What does the prophet Isaiah say in today’s OT reading?  The translation from The Message says ‘He wakes me up each morning.  Wakes me up, opens my ears to listen as one ready to take orders.  The Master, God, opened my ears, and I didn’t go back to sleep, didn’t pull the covers back over my head.  I followed orders, stood there and took it while they beat me, held steady when they pulled out my beard.  Didn’t dodge their insults, faced them as they spit in my face.  And the Master, God, stays right there and helps me, so I’m not disgraced.’ ..... ‘my champion is right there’.

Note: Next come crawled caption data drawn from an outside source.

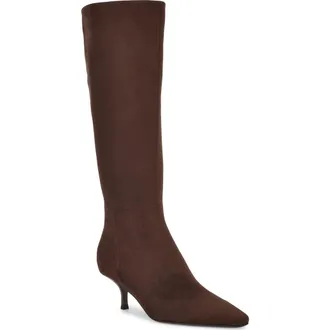 Nine West Havier Knee High Kitten Heel Boot in Dark Brown at Nordstrom, Size 7 Wide Calf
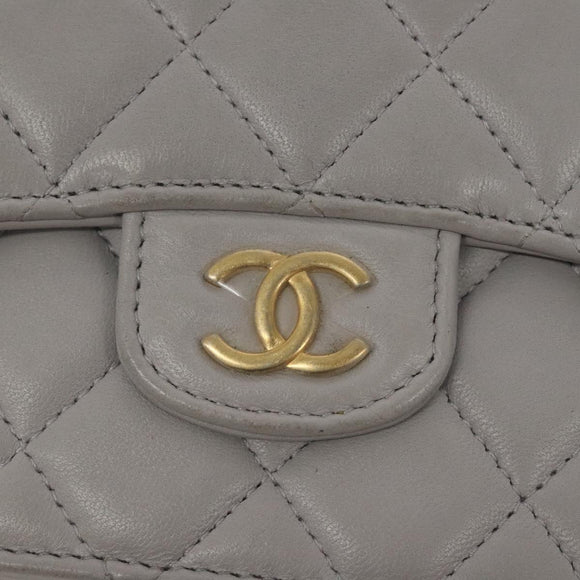 CHANEL Matelasse Chain Wallet Shoulder Bag Lamb Skin Gray Gold CC Auth 128807M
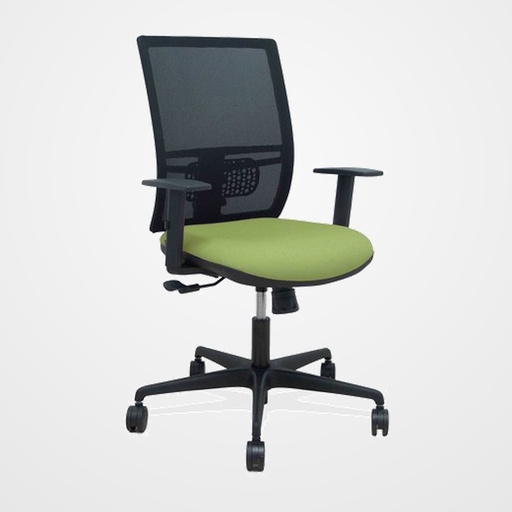 SILLA PIQUERAS Y CRESPO YUNQUERA BRAZOS REGULABLE ERGONOMICA MECANISMO SINCRO RESPALDO MALLA NEGRA ASIENTO TAPIZADO BALI VERDE OLIVA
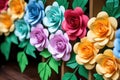 a garland of colorful paper flowers Royalty Free Stock Photo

In our NT reading James paints a picture of how to get it wrong.  A vicious tongue is an outward sign of something very wrong going on inside a person – something that desperately needs the healing power of God’s grace.


We have all been on the receiving end of an unkind or thoughtless remark – and we have all said things that have hurt or upset somebody. 

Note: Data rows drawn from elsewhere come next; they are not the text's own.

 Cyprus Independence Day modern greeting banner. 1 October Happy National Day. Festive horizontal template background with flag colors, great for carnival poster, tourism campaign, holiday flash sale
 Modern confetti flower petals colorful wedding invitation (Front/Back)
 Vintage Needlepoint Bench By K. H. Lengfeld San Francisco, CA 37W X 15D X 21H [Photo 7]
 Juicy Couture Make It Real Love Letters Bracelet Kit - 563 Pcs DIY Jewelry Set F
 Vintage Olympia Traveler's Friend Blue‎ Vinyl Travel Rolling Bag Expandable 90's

Either way, if we begin to allow Jesus to have his way in our lives, to transform us, then what we say will be encouraging and nourishing – even if, at times, it needs to be admonishing - and we will not be affected by the unkind and hurtful things thrown at us by the words of others, because our focus will be, not on ourselves, but on God.  It isn’t after all about us – it’s about Him.

OK, perhaps that won’t be our instinctive reaction to the deadly poison of the tongue but we have a choice – we can chose to retaliate, take umbrage, remain wounded or we can chose to take the anger, the sense of injustice, the hurt to the Lord and ask for his help to heal us. 
If we’ve been hurt by others, we need to understand that while yes, words can hurt; Jesus can heal.  In fact, the only thing more powerful than the tongue is God’s grace.

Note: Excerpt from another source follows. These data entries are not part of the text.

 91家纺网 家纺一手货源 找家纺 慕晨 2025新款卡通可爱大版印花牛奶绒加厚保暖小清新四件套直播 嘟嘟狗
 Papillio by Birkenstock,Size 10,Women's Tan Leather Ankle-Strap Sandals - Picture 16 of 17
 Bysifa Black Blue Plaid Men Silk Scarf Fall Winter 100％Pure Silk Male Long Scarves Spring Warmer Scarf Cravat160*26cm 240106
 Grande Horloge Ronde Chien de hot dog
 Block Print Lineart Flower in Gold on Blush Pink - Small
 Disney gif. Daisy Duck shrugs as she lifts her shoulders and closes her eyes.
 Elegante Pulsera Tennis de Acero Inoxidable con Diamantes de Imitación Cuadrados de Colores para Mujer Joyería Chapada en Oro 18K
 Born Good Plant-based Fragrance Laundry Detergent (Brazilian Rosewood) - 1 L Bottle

When he was insulted, Jesus kept silent. In a moment when everyone was heaping criticism upon him and speaking hateful, unfair words against him, Jesus may have been tempted to justify himself, to call down curses upon them but instead he spoke words of grace.  And if Jesus spoke words of grace to those who crucified him, he has words of grace for us today.  Let’s at least attempt to allow his words to direct our words.  Let his grace set the course of our life, not our anger or our bitterness, not our need to be right or appear strong.  We don’t have to appear strong, we have to acknowledge that we need his grace. 

Peter was quite right in the conclusion he had reached about the identity of Jesus. He is the Messiah – the Christ – Son of the Living God – God himself. So he has every right, if we are to follow Him, to our total allegiance, no matter what the consequences may be.


Let’s end with a short prayer:

Lord Jesus Christ, Son of the Living God, grant that in our frailty and sinfulness we may always keep your life and actions clearly in our mind’s eye.

Let us make progress in living like you as  far as we can,  so that we may grow up into your full humanity, and become a holy temple in the Lord.

May your grace go before us and follow us, shine in our hearts and be our guide along all our ways.

Direct our thoughts and words and actions according to your commandments.